===== DATA

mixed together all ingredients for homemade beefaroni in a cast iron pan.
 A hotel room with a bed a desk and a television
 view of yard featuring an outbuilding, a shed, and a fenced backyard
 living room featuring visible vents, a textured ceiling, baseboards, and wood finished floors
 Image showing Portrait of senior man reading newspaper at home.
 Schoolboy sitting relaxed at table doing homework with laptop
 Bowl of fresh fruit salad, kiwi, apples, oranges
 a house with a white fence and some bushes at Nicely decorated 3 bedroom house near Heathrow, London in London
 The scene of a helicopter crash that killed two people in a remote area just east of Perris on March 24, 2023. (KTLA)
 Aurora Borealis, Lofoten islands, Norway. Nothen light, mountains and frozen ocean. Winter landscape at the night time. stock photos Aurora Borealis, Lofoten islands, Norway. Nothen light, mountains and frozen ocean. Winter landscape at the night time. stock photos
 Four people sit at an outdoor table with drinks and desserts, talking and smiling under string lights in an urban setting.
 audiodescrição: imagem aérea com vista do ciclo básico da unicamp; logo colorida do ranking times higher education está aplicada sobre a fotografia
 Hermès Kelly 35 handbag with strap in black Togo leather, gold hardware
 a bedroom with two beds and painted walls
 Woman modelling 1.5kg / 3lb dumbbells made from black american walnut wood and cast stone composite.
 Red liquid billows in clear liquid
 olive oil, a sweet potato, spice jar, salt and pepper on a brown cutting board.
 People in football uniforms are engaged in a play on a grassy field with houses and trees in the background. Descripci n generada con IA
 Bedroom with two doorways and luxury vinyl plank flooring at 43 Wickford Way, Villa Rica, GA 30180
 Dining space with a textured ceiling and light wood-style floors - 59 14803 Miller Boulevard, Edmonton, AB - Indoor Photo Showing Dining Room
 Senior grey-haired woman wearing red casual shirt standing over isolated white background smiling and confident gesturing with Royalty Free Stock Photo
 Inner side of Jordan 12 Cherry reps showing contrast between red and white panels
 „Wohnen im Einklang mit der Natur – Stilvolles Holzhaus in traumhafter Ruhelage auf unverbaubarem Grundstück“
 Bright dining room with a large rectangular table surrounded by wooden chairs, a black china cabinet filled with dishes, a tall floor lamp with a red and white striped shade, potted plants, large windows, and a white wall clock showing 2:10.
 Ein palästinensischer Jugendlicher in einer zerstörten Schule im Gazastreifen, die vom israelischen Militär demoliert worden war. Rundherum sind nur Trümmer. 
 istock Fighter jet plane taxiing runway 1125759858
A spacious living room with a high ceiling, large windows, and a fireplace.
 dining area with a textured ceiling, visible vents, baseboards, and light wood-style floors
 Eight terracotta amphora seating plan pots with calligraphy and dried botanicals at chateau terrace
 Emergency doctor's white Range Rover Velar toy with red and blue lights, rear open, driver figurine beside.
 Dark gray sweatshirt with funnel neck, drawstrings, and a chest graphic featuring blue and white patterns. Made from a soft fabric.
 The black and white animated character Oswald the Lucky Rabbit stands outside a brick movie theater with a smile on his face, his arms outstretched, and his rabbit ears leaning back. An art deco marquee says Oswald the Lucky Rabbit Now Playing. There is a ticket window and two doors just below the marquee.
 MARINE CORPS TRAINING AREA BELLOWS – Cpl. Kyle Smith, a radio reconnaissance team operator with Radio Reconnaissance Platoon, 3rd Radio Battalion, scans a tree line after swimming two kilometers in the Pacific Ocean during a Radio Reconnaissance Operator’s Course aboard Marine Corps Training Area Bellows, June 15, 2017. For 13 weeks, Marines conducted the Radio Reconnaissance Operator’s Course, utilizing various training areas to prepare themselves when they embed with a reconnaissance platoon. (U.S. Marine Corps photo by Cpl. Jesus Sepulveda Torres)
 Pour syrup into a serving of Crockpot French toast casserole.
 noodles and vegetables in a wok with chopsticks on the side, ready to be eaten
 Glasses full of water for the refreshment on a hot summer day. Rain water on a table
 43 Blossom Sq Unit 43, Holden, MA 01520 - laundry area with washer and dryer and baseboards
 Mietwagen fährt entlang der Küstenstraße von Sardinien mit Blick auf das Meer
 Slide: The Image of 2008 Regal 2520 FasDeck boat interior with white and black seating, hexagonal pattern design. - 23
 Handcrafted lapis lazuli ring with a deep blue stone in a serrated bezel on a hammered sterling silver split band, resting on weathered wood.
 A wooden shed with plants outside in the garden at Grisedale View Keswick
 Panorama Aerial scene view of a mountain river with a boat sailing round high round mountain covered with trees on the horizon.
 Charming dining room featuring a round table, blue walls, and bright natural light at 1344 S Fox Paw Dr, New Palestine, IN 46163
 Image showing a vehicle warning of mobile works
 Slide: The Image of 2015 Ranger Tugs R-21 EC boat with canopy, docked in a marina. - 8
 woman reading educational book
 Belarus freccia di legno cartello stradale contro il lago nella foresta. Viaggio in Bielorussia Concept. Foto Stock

==========

## [PROBLEM DESCRIPTION]
The word "textured" appears in some lines of the data; state how many such lines there are, and nothing further.

## [REPLY]
3